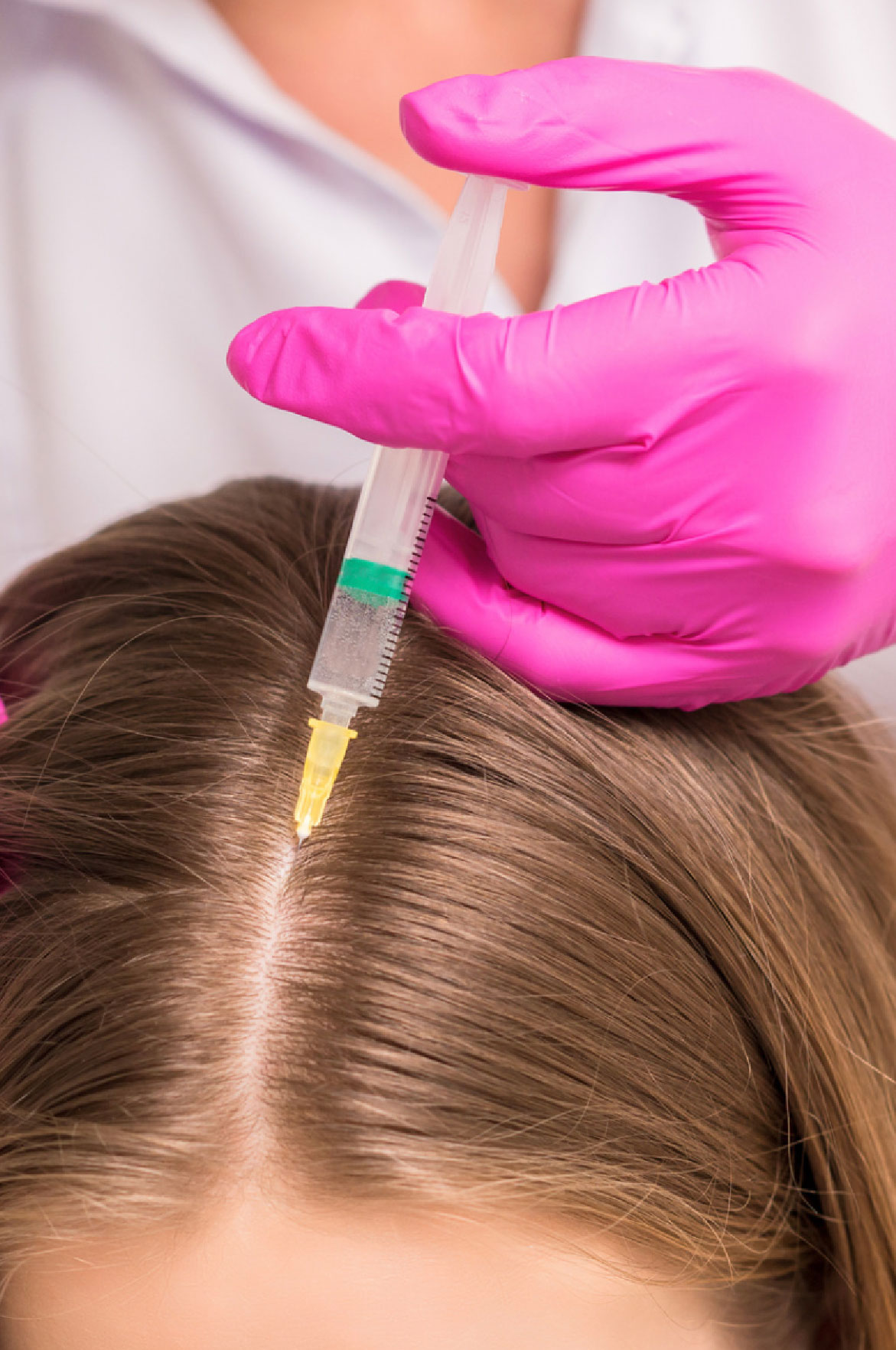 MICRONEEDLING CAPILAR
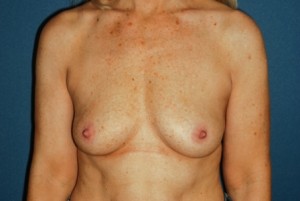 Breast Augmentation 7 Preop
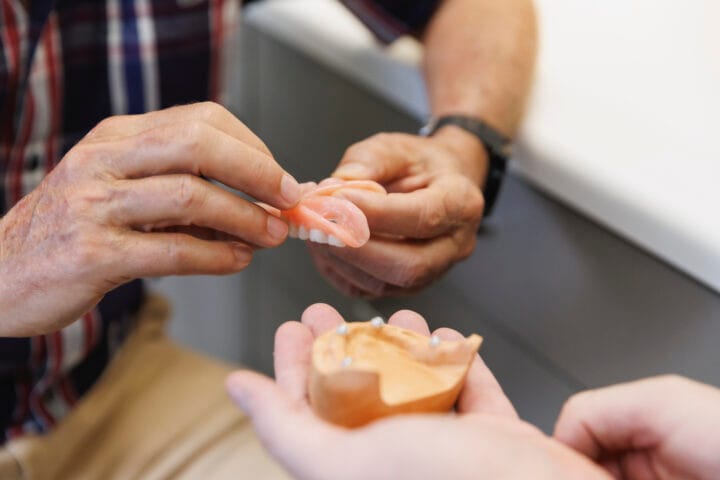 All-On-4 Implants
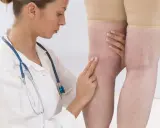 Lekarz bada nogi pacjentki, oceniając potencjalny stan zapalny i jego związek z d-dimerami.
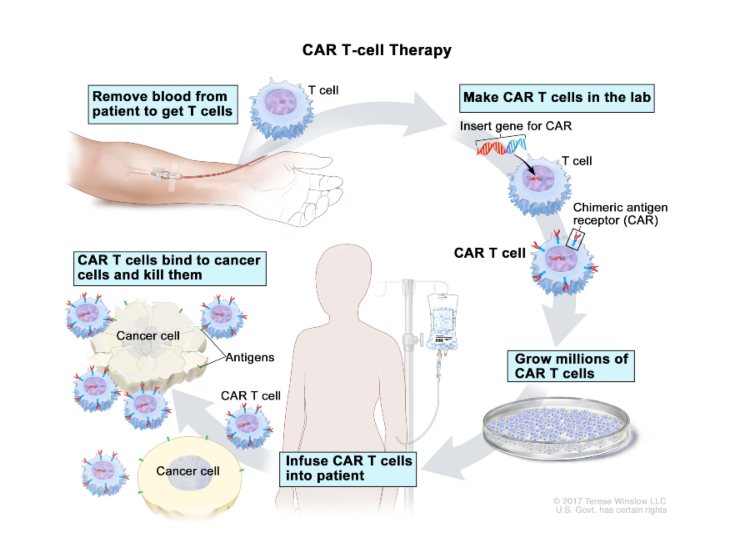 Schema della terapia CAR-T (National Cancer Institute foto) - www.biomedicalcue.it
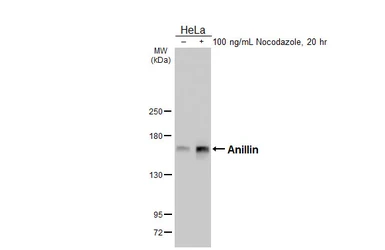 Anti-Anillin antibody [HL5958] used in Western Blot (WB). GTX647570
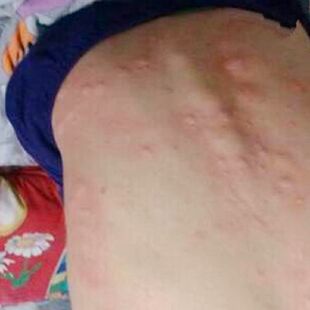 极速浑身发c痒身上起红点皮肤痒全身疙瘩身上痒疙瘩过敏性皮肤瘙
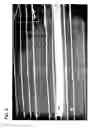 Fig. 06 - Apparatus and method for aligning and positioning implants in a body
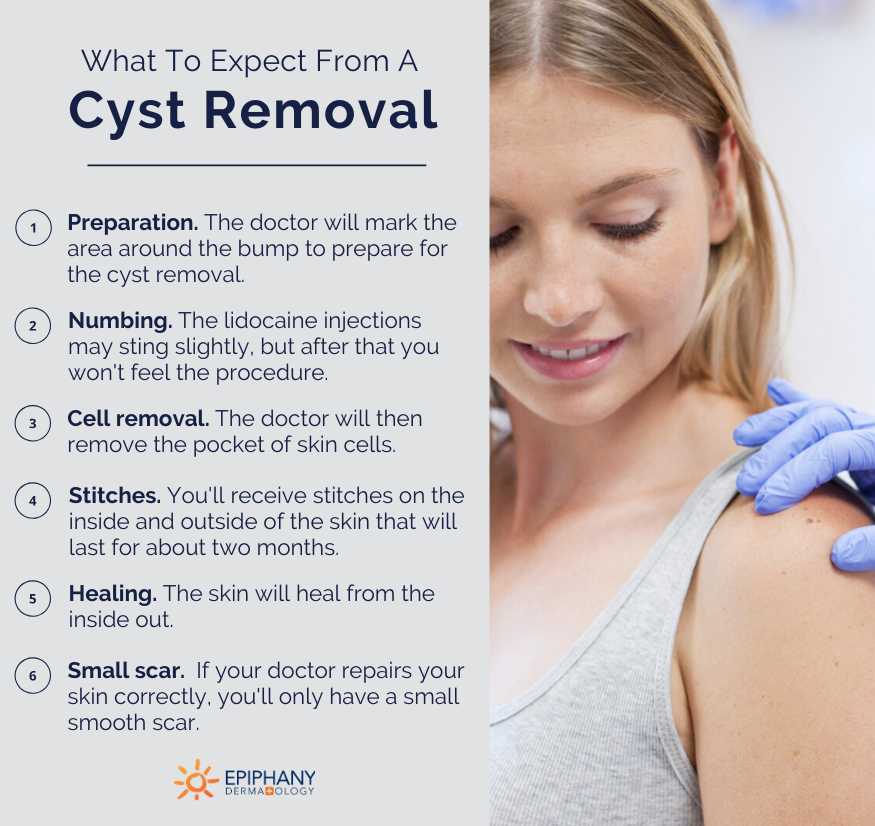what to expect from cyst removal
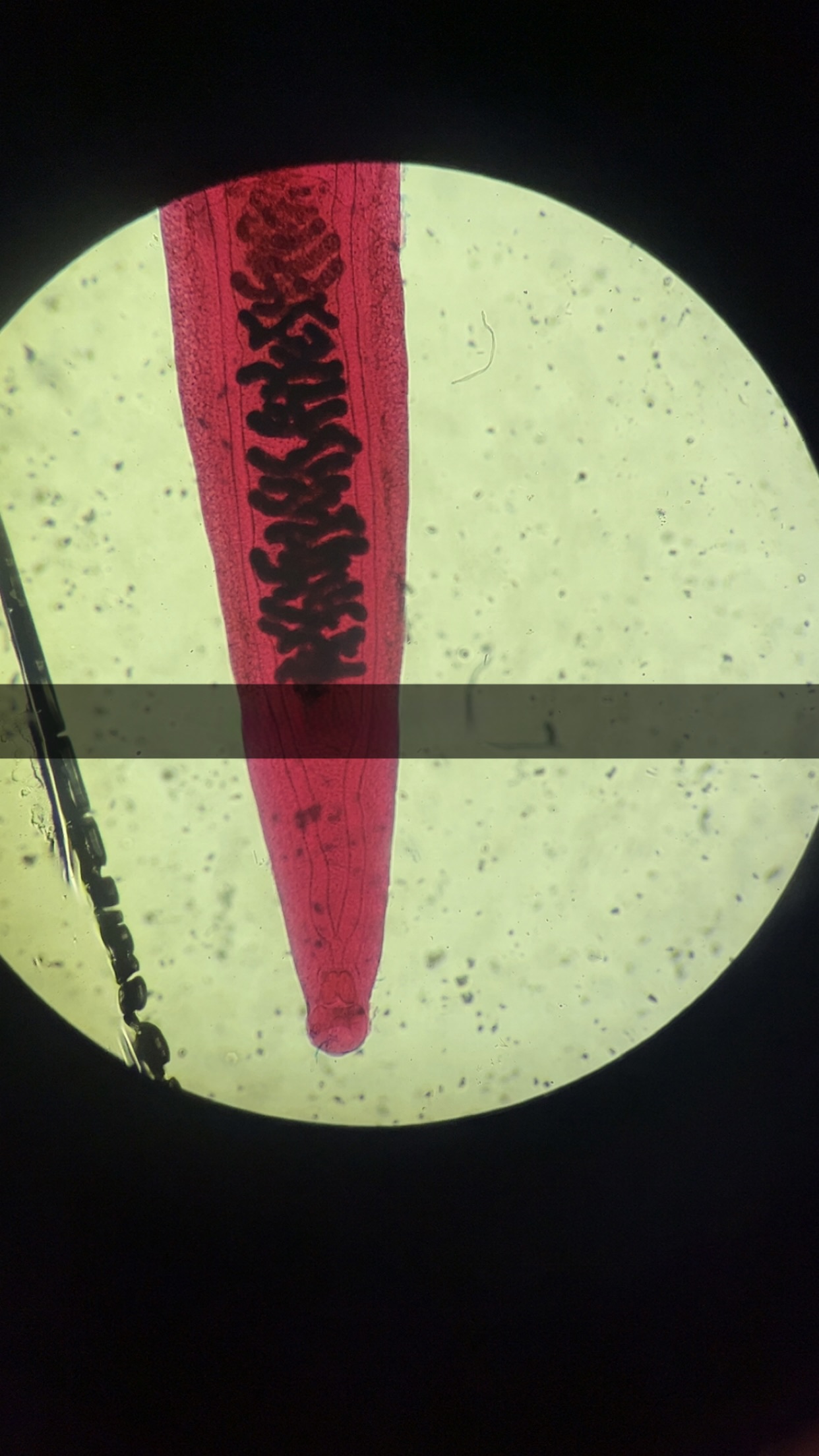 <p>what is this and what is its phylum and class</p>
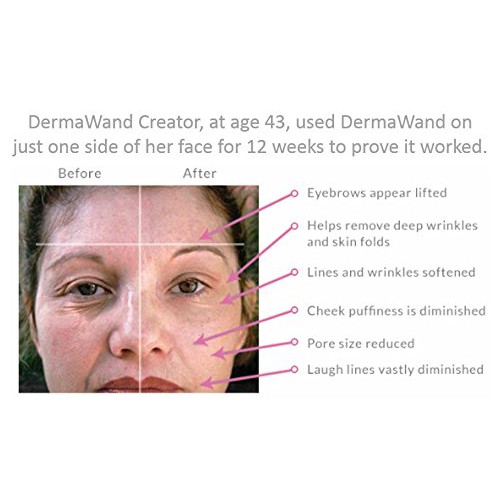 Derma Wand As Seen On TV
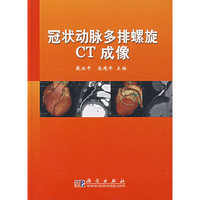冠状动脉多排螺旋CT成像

*Problem to solve*
What I need is every record written out exactly, minus the pictures.

*Answer to the exercise*
 MICRONEEDLING CAPILAR
 Breast Augmentation 7 Preop
 All-On-4 Implants
 Lekarz bada nogi pacjentki, oceniając potencjalny stan zapalny i jego związek z d-dimerami.
 Schema della terapia CAR-T (National Cancer Institute foto) - www.biomedicalcue.it
 Anti-Anillin antibody [HL5958] used in Western Blot (WB). GTX647570
 极速浑身发c痒身上起红点皮肤痒全身疙瘩身上痒疙瘩过敏性皮肤瘙
 Fig. 06 - Apparatus and method for aligning and positioning implants in a body
what to expect from cyst removal
 <p>what is this and what is its phylum and class</p>
 Derma Wand As Seen On TV
冠状动脉多排螺旋CT成像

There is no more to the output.